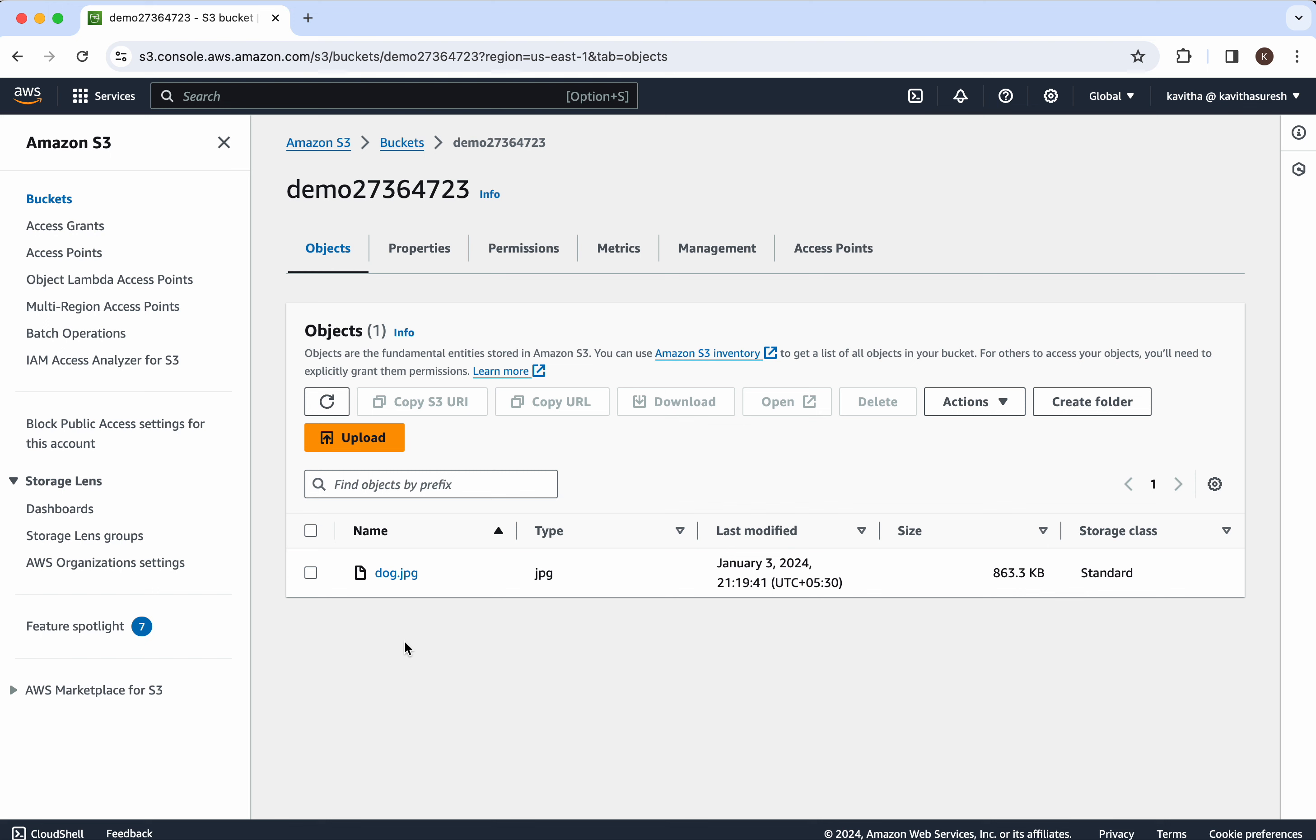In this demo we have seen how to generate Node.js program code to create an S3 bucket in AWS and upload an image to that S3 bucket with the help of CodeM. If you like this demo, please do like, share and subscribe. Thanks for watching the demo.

= = = = = = =

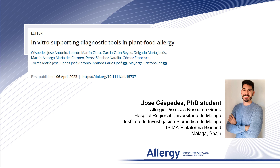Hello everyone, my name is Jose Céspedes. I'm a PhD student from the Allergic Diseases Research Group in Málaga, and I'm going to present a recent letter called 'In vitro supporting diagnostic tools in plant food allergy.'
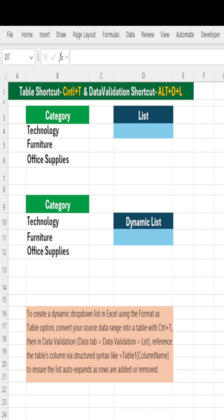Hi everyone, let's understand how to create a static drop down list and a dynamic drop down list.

= = = = = = =

## Goal of the exercise
Above are the records; copy from them only the lines starting at the one containing "Hello everyone, my" and ending at the one containing "Hi everyone, let's", exactly and without pictures.

## Your solution
Hello everyone, my name is Jose Céspedes. I'm a PhD student from the Allergic Diseases Research Group in Málaga, and I'm going to present a recent letter called 'In vitro supporting diagnostic tools in plant food allergy.'
Hi everyone, let's understand how to create a static drop down list and a dynamic drop down list.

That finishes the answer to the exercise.